Entries supplied →
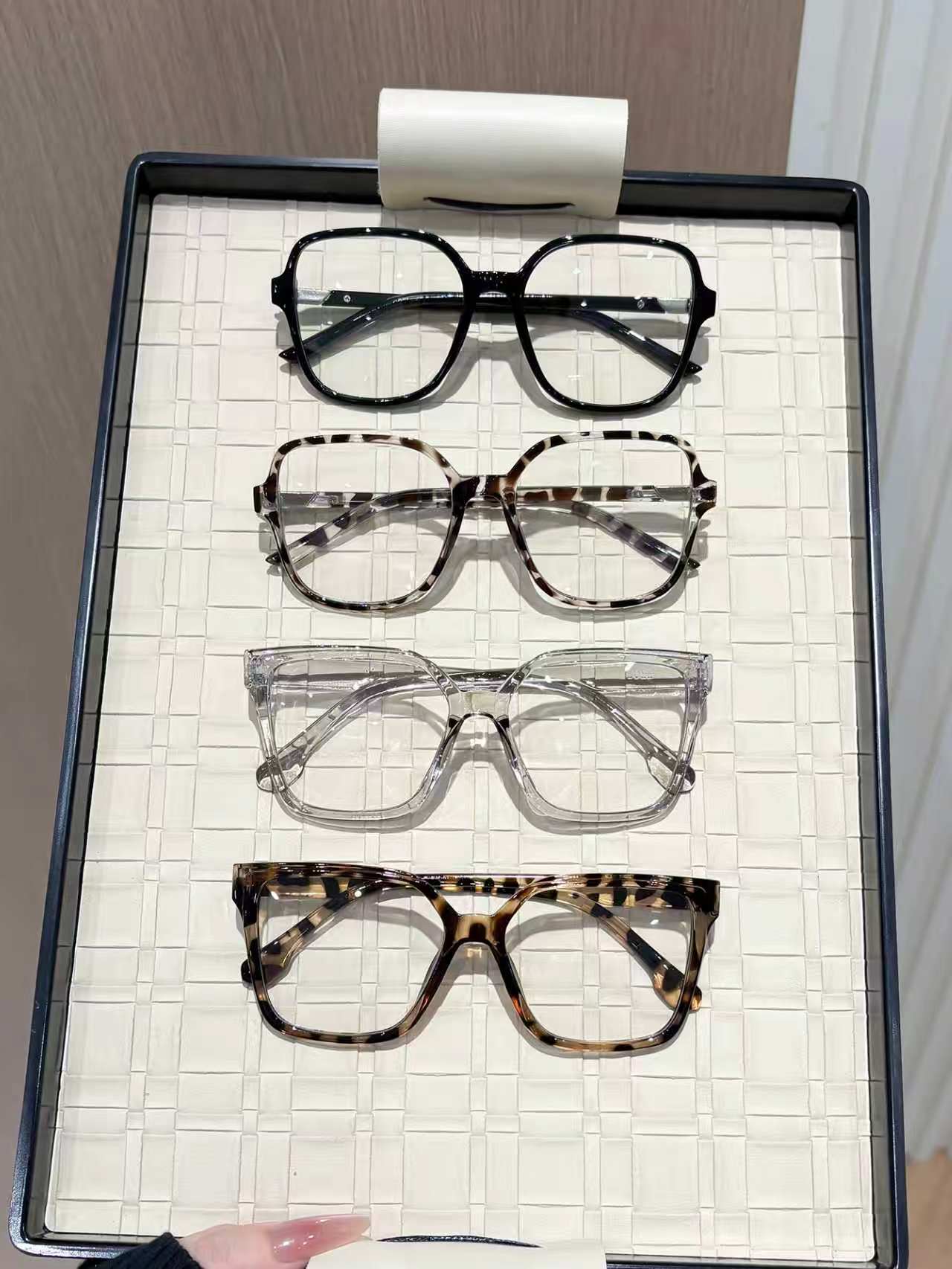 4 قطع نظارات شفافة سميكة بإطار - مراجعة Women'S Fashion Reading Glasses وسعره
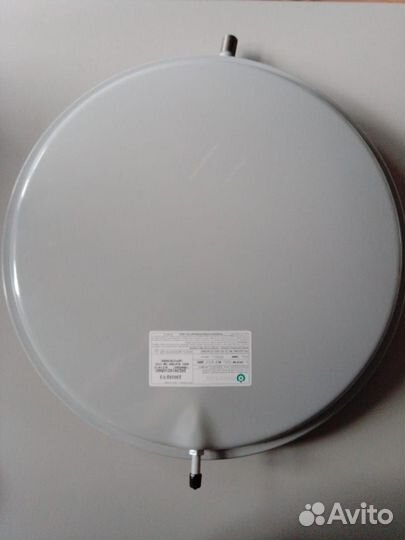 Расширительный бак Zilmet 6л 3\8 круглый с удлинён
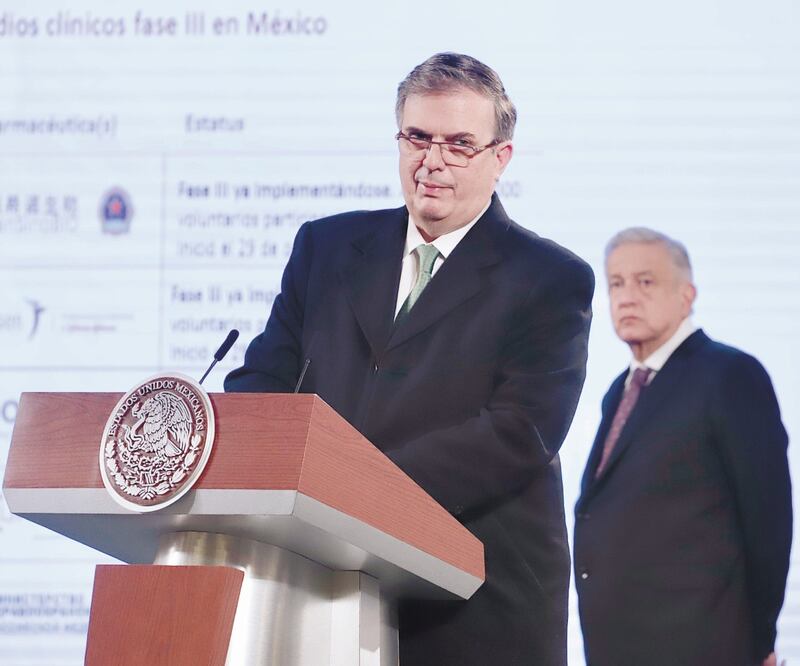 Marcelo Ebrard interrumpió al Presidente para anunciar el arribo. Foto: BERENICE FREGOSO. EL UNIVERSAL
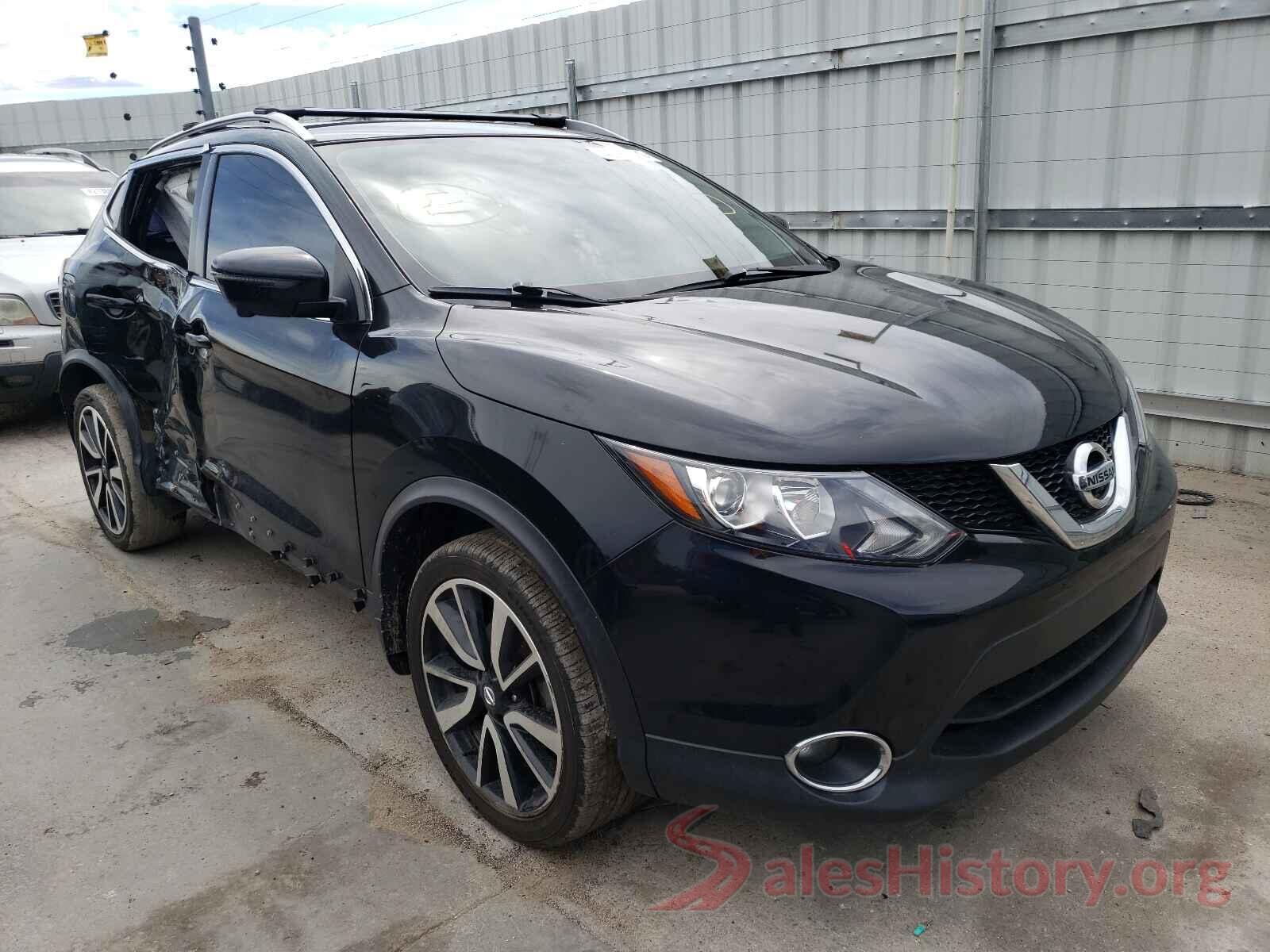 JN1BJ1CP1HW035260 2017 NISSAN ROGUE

---

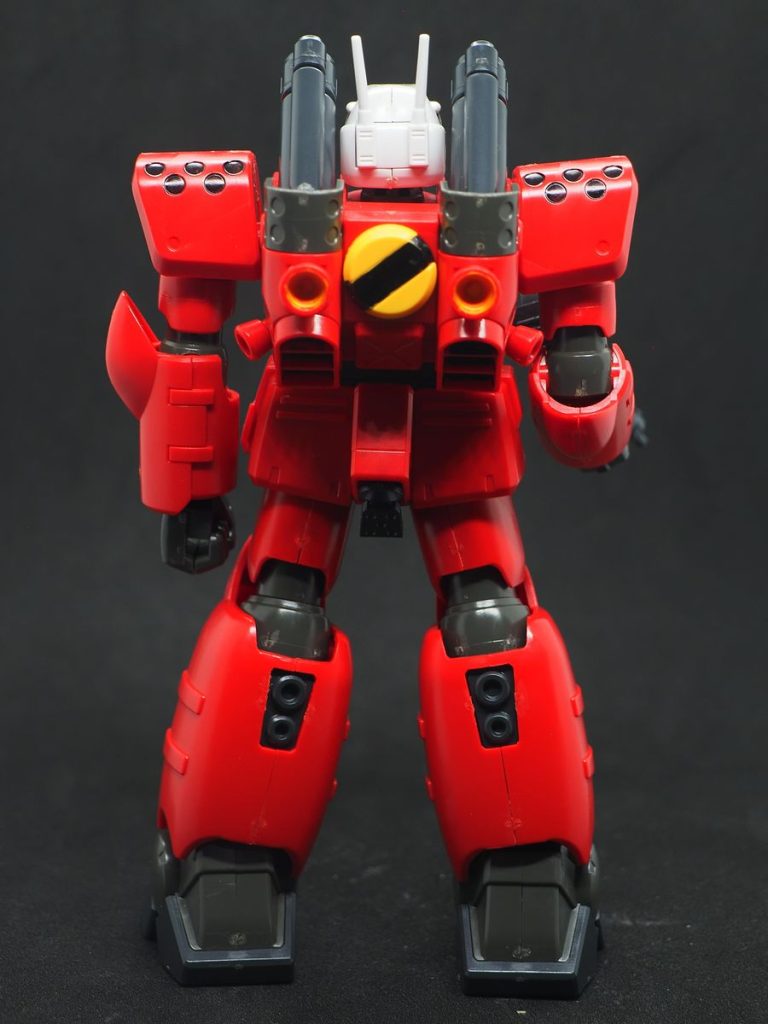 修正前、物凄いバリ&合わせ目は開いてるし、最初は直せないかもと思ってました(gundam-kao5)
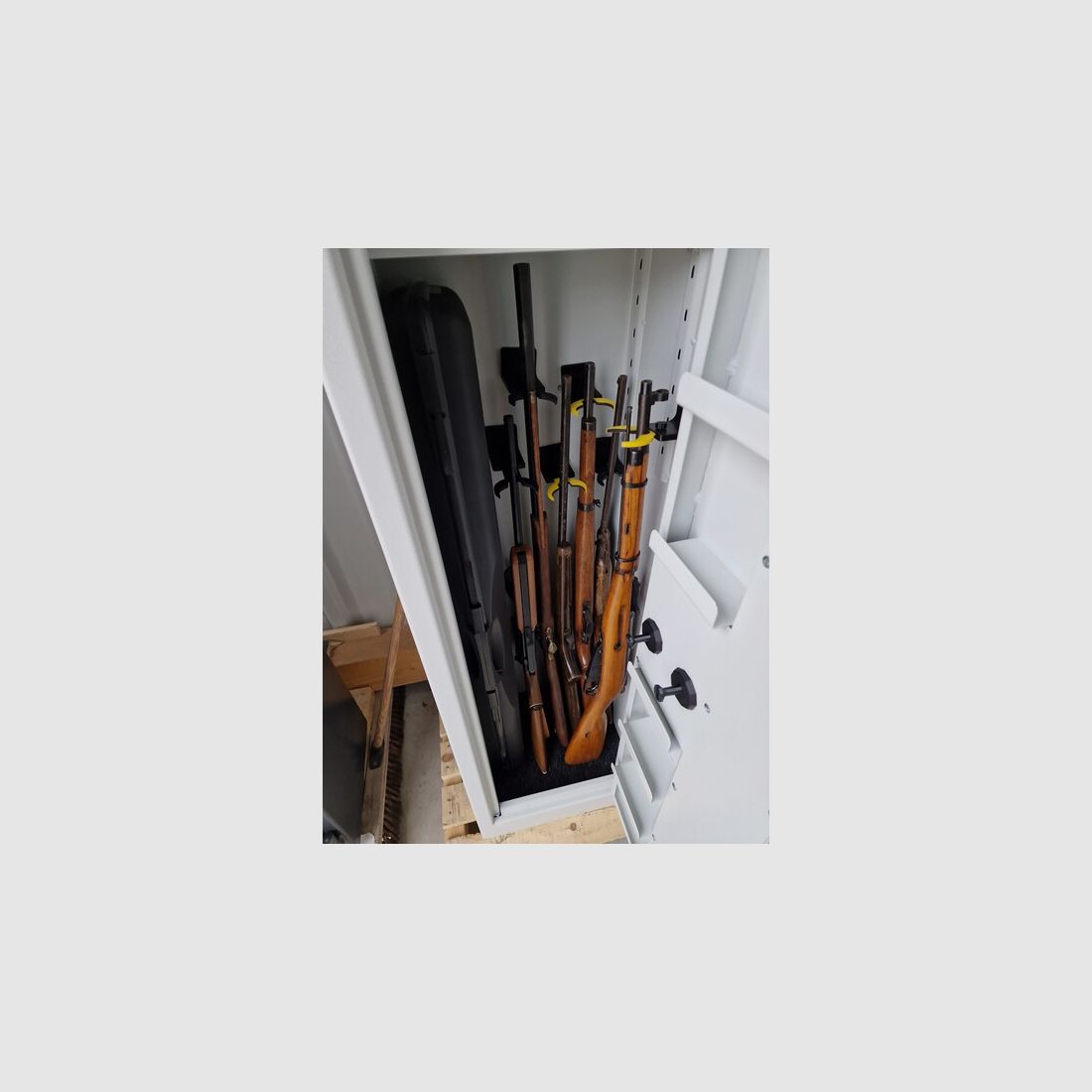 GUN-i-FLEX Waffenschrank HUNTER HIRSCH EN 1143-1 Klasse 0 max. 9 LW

Aim of the task → What should come back is an exact copy of the lines above from the line with "Расширительный бак Zilmet" to the line with "JN1BJ1CP1HW035260 2017 NISSAN ROGUE", both included, minus the pictures.

Exercise response →
 Расширительный бак Zilmet 6л 3\8 круглый с удлинён
 Marcelo Ebrard interrumpió al Presidente para anunciar el arribo. Foto: BERENICE FREGOSO. EL UNIVERSAL
 JN1BJ1CP1HW035260 2017 NISSAN ROGUE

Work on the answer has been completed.